Dat neemt niet weg dat er een verscheidenheid aan beelden van de verzoening is, die zich niet tot één alomvattende kijk laten samenbrengen. Zo'n sluitende theorie zou misschien een bepaalde manier van denken bevredigen, maar het leven en de verwondering eruit kunnen verwijderen. En - wat belangrijker is - het zou kunnen doen vergeten dat die verzoening ons als totale mens aanspreekt, en op ons hart gericht is.

Verzoenen en verzoenen is twee
Er is - behalve die verscheidenheid aan „beelden" - nog iets dat we goed in het oog moeten houden, als we in het Nieuwe Testament een woord als „verzoenen" of „verzoening" lezen. Het is zo dat er in het Grieks twee heel verschillende begrippen kunnen staan, die in onze vertalingen met hetzelfde woord „verzoenen" worden weergegeven. Die woorden zijn niet alleen verschillend in het Grieks, maar hebben ook een heel verschillende achtergrond.
Ik haalde hierboven Rom. 3,25 aan, waar we horen van „zoenmiddel", in het „bloed" van Christus. Daarmee wil Paulus ons doen denken aan de sfeer van de tempel met de offers die daar gebracht werden. Ook in Rom. 5,9-11 lezen we van het „bloed" van Christus, en denken we dus aan de tempel, maar in de verzen 10 en 11 gebruikt Paulus een werkwoord met een heel andere achtergrond. Het roept niet de gedachte van het brengen van offers in een tempel op, maar van het beslechten van conflicten in het tussen-menselijk vlak, zowel in de individueel-persoonlijke levenssfeer als ook op het politiek-militaire vlak van diplomatie en van het verzoenen van tegenstanders in een conflictsituatie, zoals een oorlog. God heeft ons met zich verzoend, zegt Paulus, toen wij nog vijanden waren. Daarmee bedoelt Paulus niet dat er tussen God en ons aan weerskanten een vijandige stemming heerste, maar dat wij mensen in staat van rebellie waren tegen onze Schepper. Die verzoening komt dan ook niet tot stand doordat van weerszijden toenadering tot elkaar gezocht wordt, maar doordat Gòd in Christus verzoening sticht. „Verzoend zijn" in vers 10 is een passieve werkwoordsvorm.

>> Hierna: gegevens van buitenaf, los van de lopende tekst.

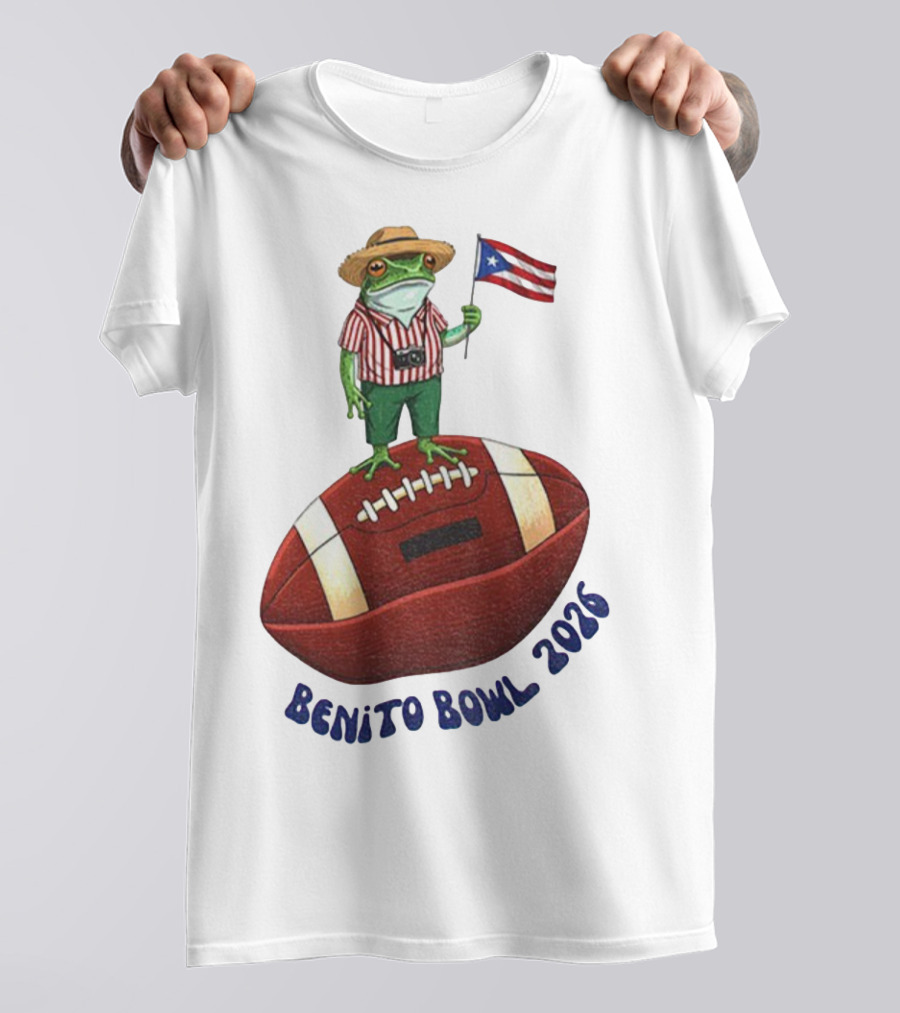 Bad Bunny Puerto Rico Frog Flag Benito Bowl 2026 Football T-Shirt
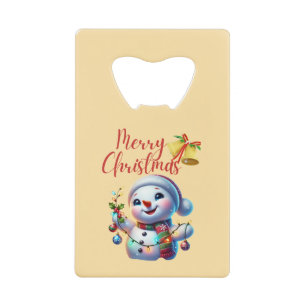 Christmas Snowman with Bells Festive Holiday Art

Dat Paulus die beide woorden, die dus afkomstig zijn uit heel verschillende sferen, bij elkaar neerzet, wijst erop dat verzoening als herstel van de relatie is gegrond in het aanbrengen van verzoening als offer van het leven in cultische zin. Het is één gebeuren, waaruit men niets kan wegnemen zonder de kern te verliezen.

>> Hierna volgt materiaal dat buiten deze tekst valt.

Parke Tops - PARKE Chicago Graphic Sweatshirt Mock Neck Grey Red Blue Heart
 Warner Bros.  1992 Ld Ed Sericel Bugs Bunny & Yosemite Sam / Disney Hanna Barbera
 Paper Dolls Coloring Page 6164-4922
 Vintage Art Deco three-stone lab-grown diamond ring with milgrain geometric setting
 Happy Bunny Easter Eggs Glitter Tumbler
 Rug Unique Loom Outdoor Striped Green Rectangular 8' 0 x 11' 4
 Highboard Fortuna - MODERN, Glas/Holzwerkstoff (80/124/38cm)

Wat is nu het bijzondere en definitieve van de verzoening in Christus? In Rom. 5,10 zegt Paulus dat wij, nu wij met God verzoend zijn door de dood van zijn Zoon, „veel meer" behouden zullen worden doordat Hij leeft. Wat bedoelt Paulus met dat „veel meer"? In een vorig artikel hebben we gezien hoe de Israëliet met zijn zondoffer bij de priester kwam, en moest toezien hoe dat dier in zijn plaats geslacht en verbrand werd. Dat dier was een levend wezen - maar het was slechts een dier. Het was dan wel onschuldig, en kon dienen als offer, maar het miste ten enenmale de kracht om in mijn verhouding tot God werkelijk verandering te bewerken.

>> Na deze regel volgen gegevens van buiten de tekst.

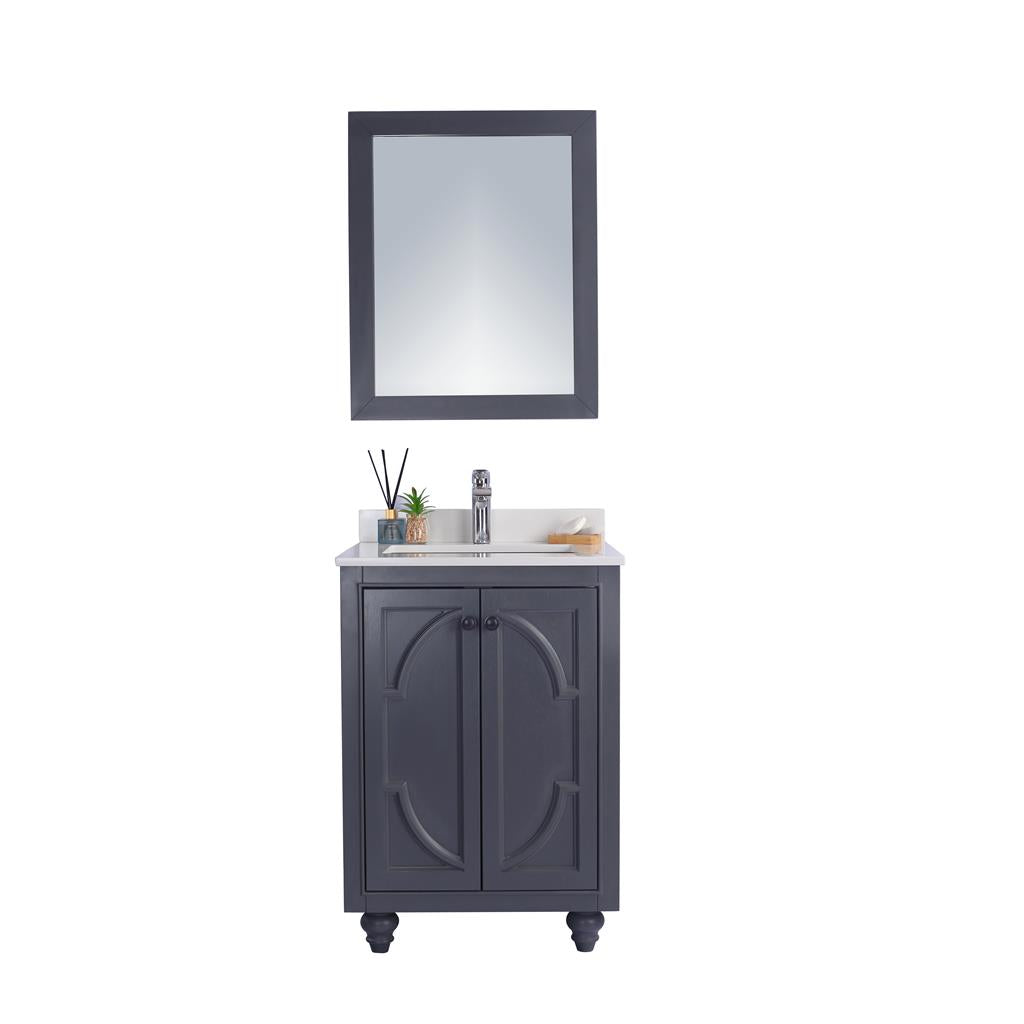 Laviva Odyssey 24" Maple Grey Bathroom Vanity#top-options_white-quartz-top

Als nu Christus sterft in onze plaats, is dat anders. Nee, geen mens heeft de hand op Hem gelegd, en Hem gevraagd verzoening te bewerken. De orde van het zondoffer, die begint met een mens die zijn zonde erkent, is hier verlaten. Niettemin is Christus de weg van het kruis gegaan, en heeft Hij een volkomen verzoening aangebracht. Hij is gestorven, maar in zijn dood heeft Hij de zijnen, die de Vader Hem gegeven had, vastgehouden - en er is behoud voor hen doordat Hij leeft. Dat offerdier in de tempel werd gedood, en eigenlijk was op hetzelfde moment de kracht van dat offer uitgewerkt. Christus' offer is eens en voorgoed, omdat Hij leeft. Hij is niet alleen de Gestorvene, maar wat „meer" is: Hij is de Opgewekte, die aan de rechterhand van de Vader is, die ook voor ons pleit (Rom. 8,34). Zo is de eenmaal aangebrachte verzoening altijd levende werkelijkheid, omdat Christus leeft!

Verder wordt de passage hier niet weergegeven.